Decision Date04 March 1914
Citation166 S.W. 24
PartiesSAN ANTONIO & A. P. RY. CO. v. WAGNER.<SMALL><SUP>†</SUP></SMALL>
CourtTexas Court of Appeals

Appeal from District Court, Bexar County; R. B. Minor, Judge.

Action by William Wagner against the San Antonio & Aransas Pass Railway Company. Judgment for plaintiff, and defendant appeals. Rehearing denied.

Houston, Boyle & Storey, of San Antonio, for appellant. John Sehorn, of San Antonio, for appellee.

FLY, C. J.

Appellee sued to recover damages arising from personal injuries inflicted on him through the negligence of appellant. It was alleged that appellee was a brakeman in the employment of appellant, and, while engaged in coupling a locomotive and car, it became necessary for him to stand on the footboard of the engine, between it and the car, and shove the knuckle of the coupler on the engine so as to put it in position to be coupled to the car, and, while so engaged, he slipped and fell, and his left foot was caught between the couplers and was crushed and mangled, and that he was otherwise seriously, painfully, and permanently injured. It was charged that appellant was negligent in having couplers which would not couple by impact, as required by law, and that such negligence was the direct and proximate cause of appellee's injuries. The evidence developed the fact that appellee was injured, as alleged, through the negligence of appellant in not having its cars properly equipped with couplers that would couple by impact, and prevent the necessity of going between the cars to couple them.

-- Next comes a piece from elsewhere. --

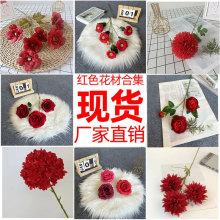 tɫϵc滨YõŻ·T픲廨õ廨ٻ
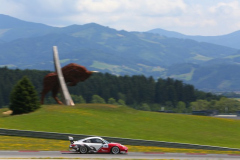 130713-PSC-Red-Bull-Ring-1303-PcLife 006 PSC313_SH1114.JPG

The first assignment of error assails the ruling of the trial judge in sustaining exceptions to that part of appellant's answer which pleaded the federal law as to couplers, and, further, that its couplers had to be adjusted at times in order to be coupled by impact, that the work of adjusting the couplers could have been done with perfect safety if the cars had been standing, but that appellee sought to adjust the coupler when the engine was moving towards the car. The assignment is overruled. If, as contended by appellant, the federal law as to couplers was applicable to this case, appellant was not injured by having the pleading as to that statute stricken out, because the federal and state statutes are practically the same, and all of the issues that could arise under either were submitted to the jury. The federal act of 1893 made it unlawful for railroad companies to haul or permit to be hauled or used on their railroad any car in interstate traffic "not equipped with couplers coupling automatically by impact, and which can be uncoupled without the necessity of men going between the ends of the cars." U. S. Comp. St. 1901, p. 3174. The Texas law (article 6710, Rev. St. 1911) makes it unlawful for any railroad company engaged in intrastate commerce "to haul or permit to be hauled or used on its line of railroad within the state of Texas any locomotive, tender, car or similar vehicle employed in moving intrastate traffic within the said state, which is not equipped with couplers coupling automatically by impact and which can be coupled and uncoupled without the necessity of men going between the ends of locomotives, tenders, cars and similar vehicles." The state law seems to be more comprehensive than the law of Congress, but the decisions of the Supreme Court of the United States have construed the federal statute so as to render it fully as comprehensive as that of the state. The substance of those decisions has been embodied in the Texas statute along with the plain provisions of the federal statute.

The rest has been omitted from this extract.